Dans le manifeste de 36 pages de l’Institut de l’espérance, il y a une centaine de mesures, presque un programme. Le think tank d’inspiration chrétienne plaide pour ramener la dépense publique française à 49 % du PIB. Cette réduction drastique des dépenses budgétaires est couplée à un agenda conservateur assumé : une réduction drastique de l’immigration, un retour de l’uniforme à l’école, une levée du drapeau, et même, la suppression du délit d’entrave à l’avortement.
Ligne idéologique très conservatrice
Cette ligne idéologique est déjà à l’œuvre dans les médias du milliardaire – CNews, le Journal du Dimanche – et notamment dans la maison d’édition Fayard qu’il contrôle.
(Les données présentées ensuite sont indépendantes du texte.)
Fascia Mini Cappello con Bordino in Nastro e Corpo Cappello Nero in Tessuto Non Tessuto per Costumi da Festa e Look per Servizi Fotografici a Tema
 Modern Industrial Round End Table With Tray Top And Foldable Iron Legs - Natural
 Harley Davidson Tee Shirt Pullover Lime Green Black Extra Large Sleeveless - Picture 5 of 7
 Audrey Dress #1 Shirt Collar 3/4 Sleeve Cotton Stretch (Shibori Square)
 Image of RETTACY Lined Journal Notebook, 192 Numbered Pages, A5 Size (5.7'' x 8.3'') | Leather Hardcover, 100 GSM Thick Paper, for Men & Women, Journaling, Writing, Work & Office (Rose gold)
Cet écosystème culturel est accusé de relayer des thèmes de l’extrême droite et des figures de ce même bord, comme l’ancien candidat à la présidentielle et polémiste Éric Zemmour.
S’il ne veut pas conquérir le pouvoir, Vincent Bolloré structure un courant conservateur, pour peser sur l’opinion, et gagner la bataille des idées. Cela à l’aube de la présidentielle.